## Information shown:
---

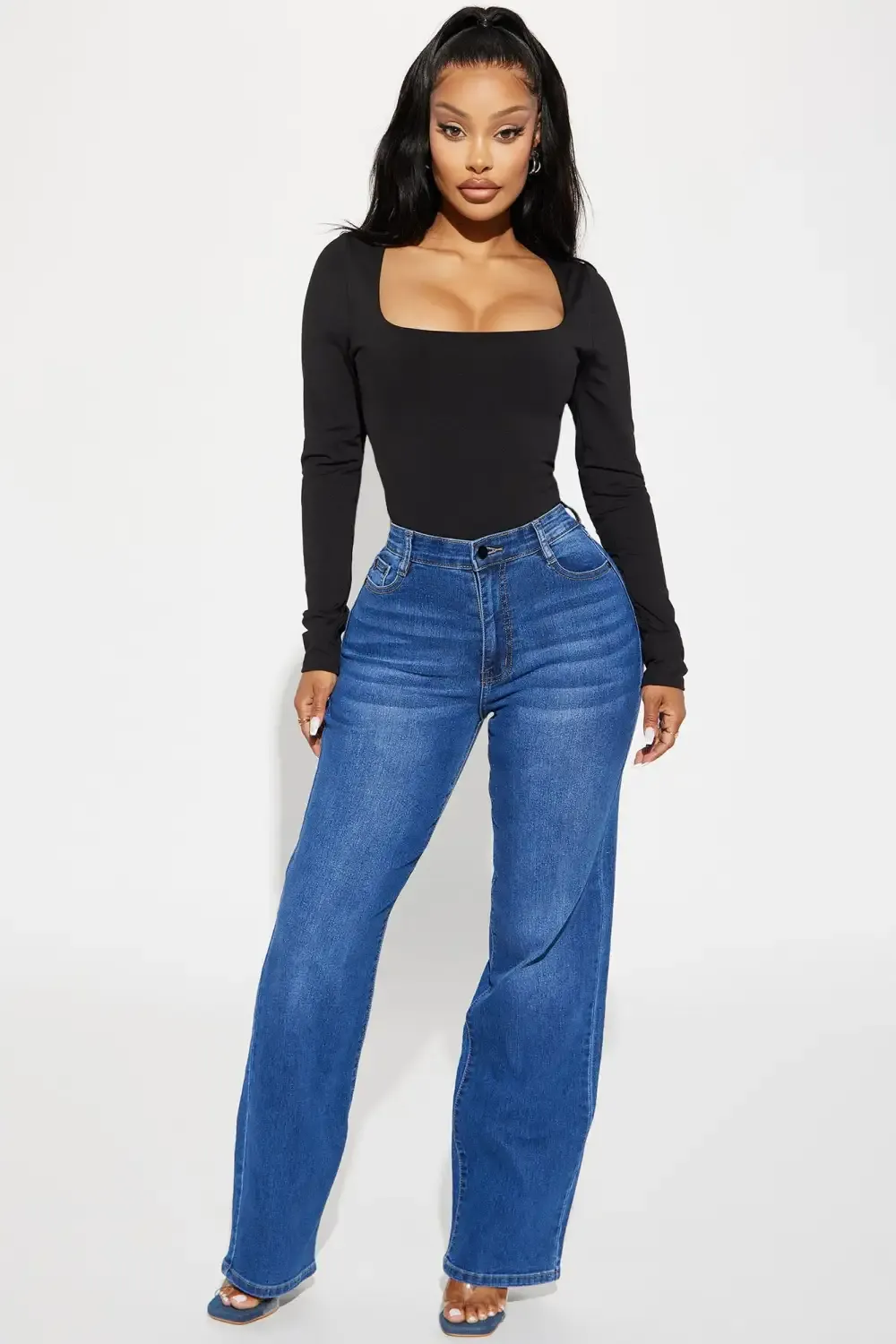 Simply Basic Stretch Straight Jeans - Medium Wash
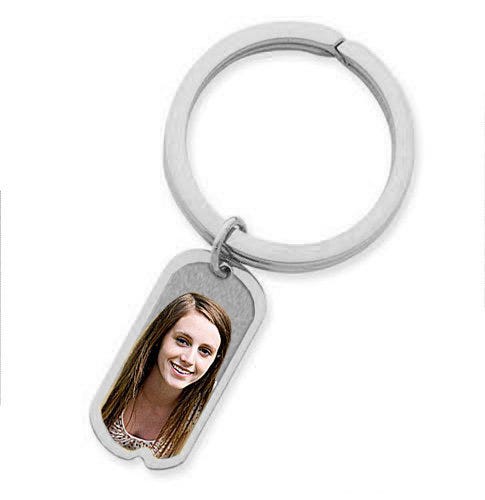 Photo Engraved Dog Tag Key Chain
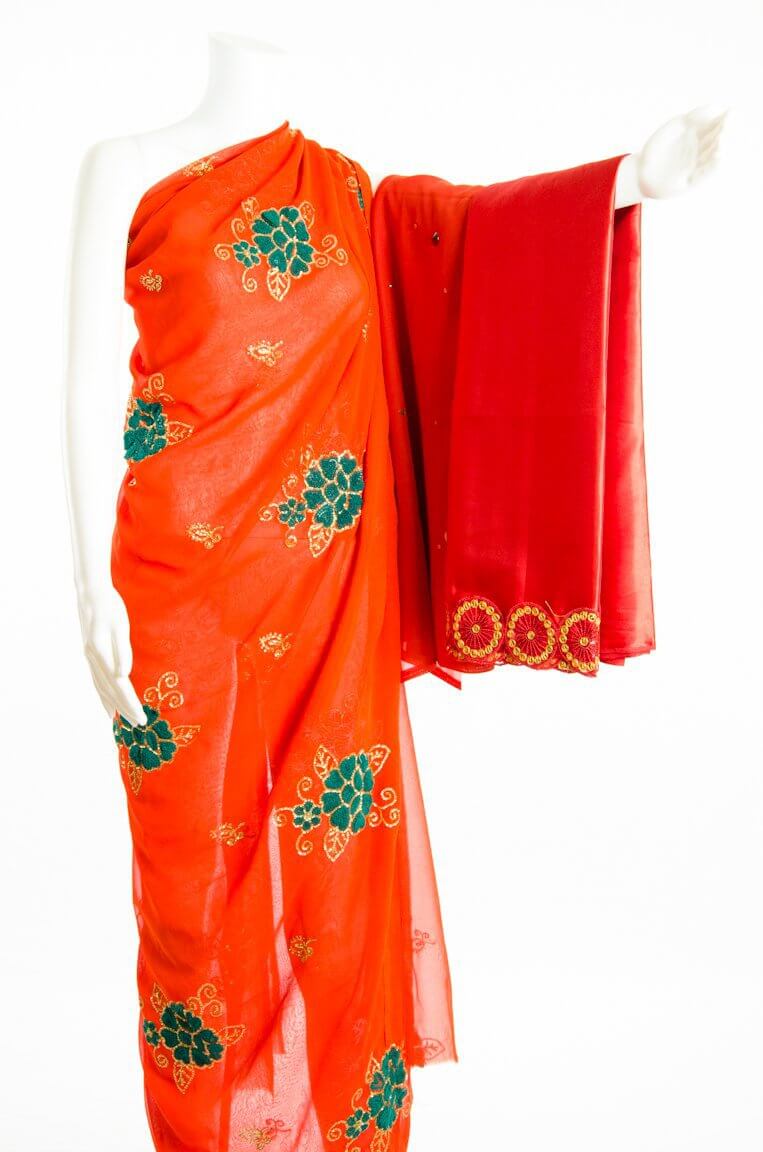 Beautiful Red Saree Dirac Kabayare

---

## Work task:
Reproduce the material in its entirety and word for word, without the pictures.

## Task solution:
 Simply Basic Stretch Straight Jeans - Medium Wash
 Photo Engraved Dog Tag Key Chain
 Beautiful Red Saree Dirac Kabayare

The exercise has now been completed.